Why cant I get conservation of energy here

  1. Sep 6, 2012 #1
    Okay consider this system one dimensional system:

    We have a positive charge at the origin. Far out at infinity on the x-axis we have a positive charge and at minus infinity on this minus x-axis we have a negative charge. For simplicity we will assume that the plus- and minus charge do not affect each other with their fields - maybe this assumption is what gets it wrong for me. Also we will assume that the positive charge at the origin is stationary throughout the whole time.
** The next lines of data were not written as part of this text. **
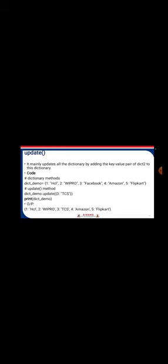The update() method updates the dictionary by adding a key-value pair. For example, updating key 3 with 'tcs' will replace 'facebook' with 'tcs' at that position. The values() method returns all values in the dictionary — in our example: hcl, wipro, facebook, amazon, and flipkart. The fromkeys() method creates a dictionary from a given sequence of keys and values. For example, using alphabets a, b, c as keys with value 1 gives output a:1, b:1, c:1.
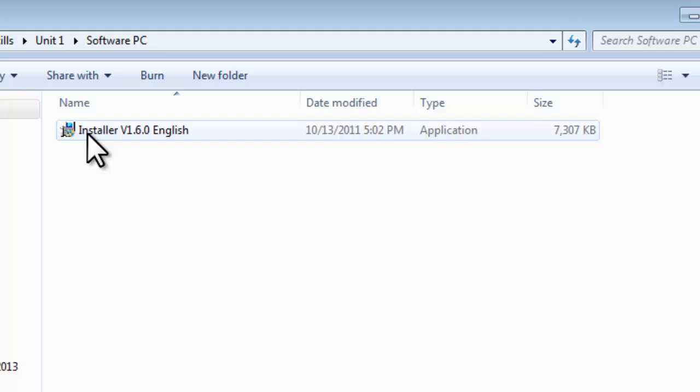We double click on the installer, and the program will be put onto your computer.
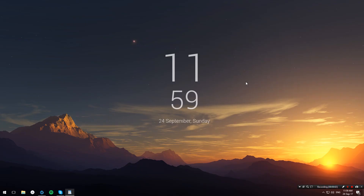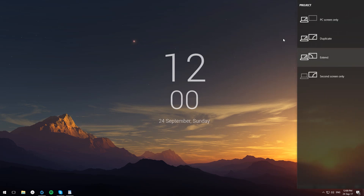Hello everybody, welcome to Paracrew. Today I'm going to show you how to project part of your screen to a second display. Before we do anything, make sure that you have connected your second display and that it's in extended mode. You can configure that by hitting the Windows key plus P combo and selecting extend.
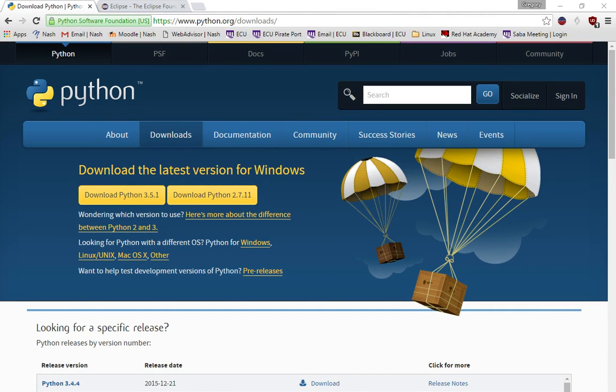This video is to show you how to download Python and Eclipse and make Python work inside of Eclipse.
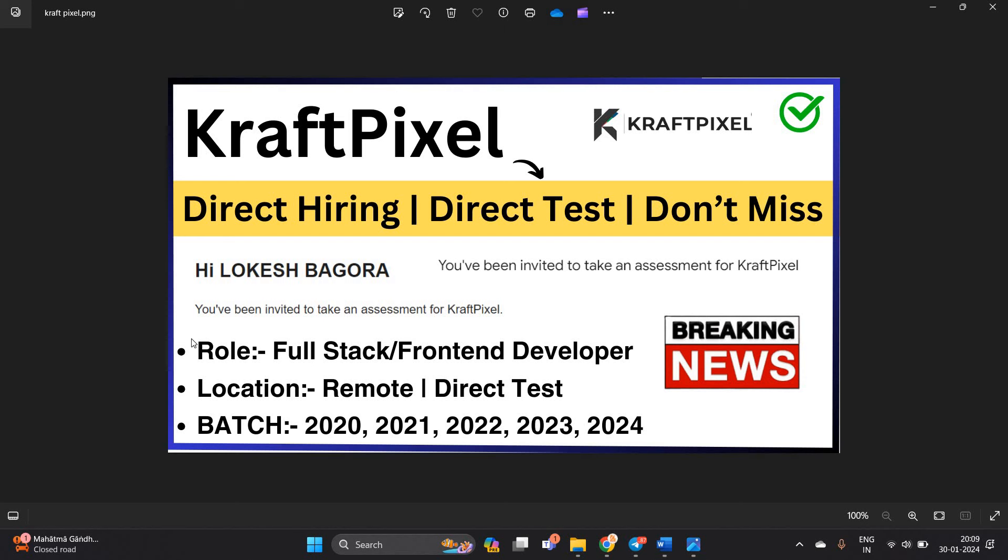Hello everyone, I am Logesh and welcome back to our channel Online Learning. This video is related to CraftPixel, direct hiring, direct test. Don't miss this opportunity.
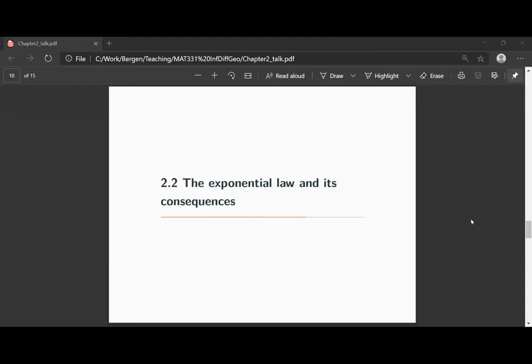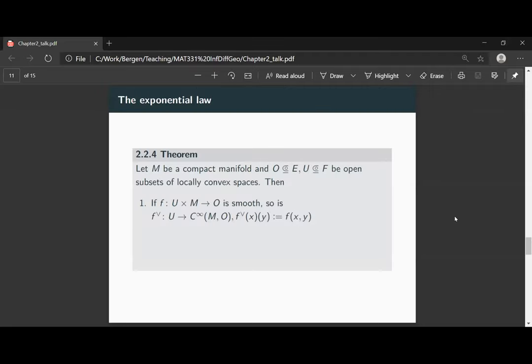In this chapter we will talk about the exponential law and its consequences. Before we go into any proof details, let me just state the exponential law and talk about why this is an important result and what we want to do with it. So the exponential law is the following theorem.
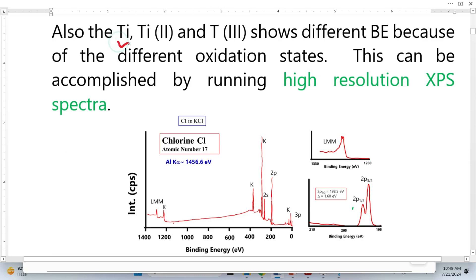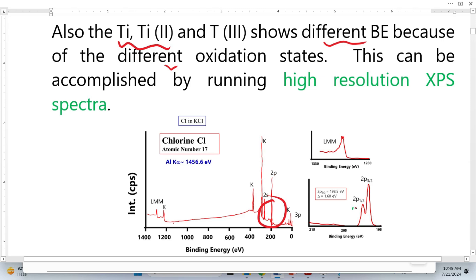Three different titanium species with different oxidation states show different binding energies, and these variations can only be revealed by high-resolution XPS spectra. If we just look at the peak in a survey spectra, we cannot see any variation in binding energy — it is very difficult. But in high-resolution XPS spectra, when we resolve these peaks, we can determine exact peak positions — for example, 198.5 electron volts — and the difference between two peaks, such as 1.6 electron volts.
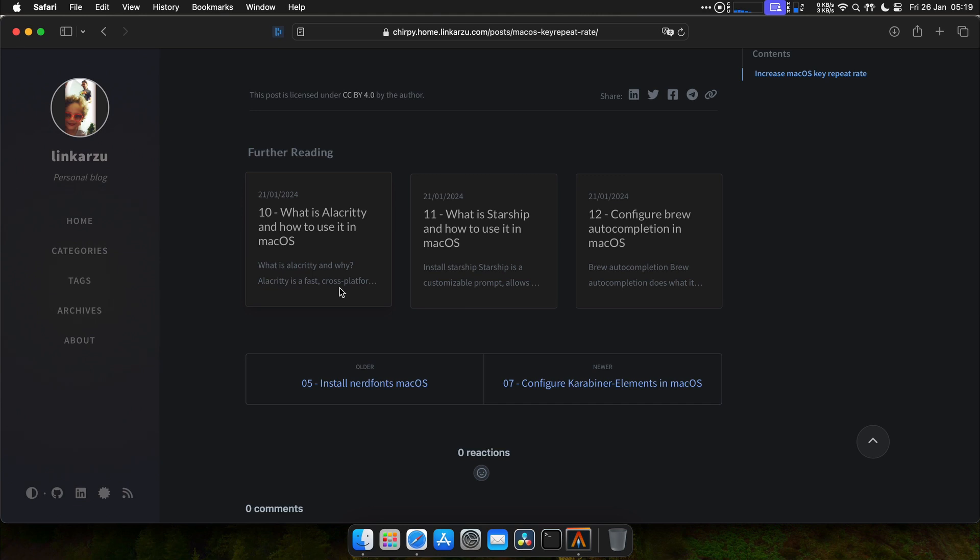We can continue to the next video in which we will talk about Karabiner and how to configure it.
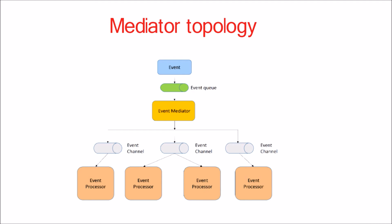There are two types of events within this pattern: an initial event and a processing event. The initial event is the original event received by the mediator, whereas the processing events are generated by the mediator and received by the event processing components. The event mediator component is responsible for orchestrating the steps contained within the initial event.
    We define the potential energy of either charge relative to infinity. Both sitting at plus and minus infinity the sum of their potential energies is initially zero. We now move the charges simultaneously towards the origin and stop the negative one at a point -a and the positive one at the point a. Let us now assume that the energy gained by the negative charge has been used to do positive work on the positive charge during this transport such that no energy has been put into the system.
    Now the sum of their potential energy must still be zero.
    Now if we let go of holding the charges at point a and -a one will be shot off towards infinity and one drawn towards the origin. How does this match with the conclusion that their total energy is zero - in both cases they are gaining kinetic energy.
    What am I doing wrong?
     
  2. jcsd
  3. Sep 6, 2012 #2

    Doc Al

    User Avatar

    Staff: Mentor

    I would say that was an incorrect assumption. Each pair of charges will have a potential energy.
     
  4. Sep 6, 2012 #3

    jtbell

    User Avatar

    Staff: Mentor

    No. The total potential energy of a three-charge system is the sum of the potential energies of each pair, taken separately:

    $$U = k \frac{Q_1 Q_2}{d_{12}} + k \frac{Q_2 Q_3}{d_{23}} + k \frac{Q_1 Q_3}{d_{13}}$$

    You're not taking into account that the attraction of the "left" and "right" charges to each other contributes to the total potential energy.
     
  5. Sep 6, 2012 #4
    Total kinetic energy goes to infinity, and so does total potential energy. At any finite time total energy is zero.
     
  6. Sep 6, 2012 #5
    Voko: The total kinetic energy is going to infinity. But how is the total potential energy going to minus infinity?

    If it's wrong to neglect the mututal attraction of our two charges then imagine that there is an incredible amount of positive charge at the origin. The surely my assumption should hold to an approximation.
     
  7. Sep 6, 2012 #6

    mfb

    User Avatar
    2017 Award

    Staff: Mentor

    It is negative. The force on the negative charge comes from both positive charges, while the repulsive force on the positive charge is partially cancelled by the force from the negative chage.


    Your potential energy will become extremely negative from the negative and positive charge approaching each other, while the potential energy contribution from the other positive charge gets 0.
    This is independent from the error above.
     
  8. Sep 6, 2012 #7

    Doc Al

    User Avatar

    Staff: Mentor

    The PE goes down and the KE goes up. What's the problem?
     
  9. Sep 6, 2012 #8
    You are right. I don't know what I was thinking. I have one of those moments, where you feel you have thought about something completely the wrong way for a long time without knowing why.
     
  10. Sep 7, 2012 #9
    okay now I know what bothered me and it sort of still does even though the above example really didn't catch the problem.
    Suppose we have a positive and a minus particle lying on top each other so their fields cancel completely (you can view this as effectively nothing though it is important that the particles still exist and no energy is needed to create them).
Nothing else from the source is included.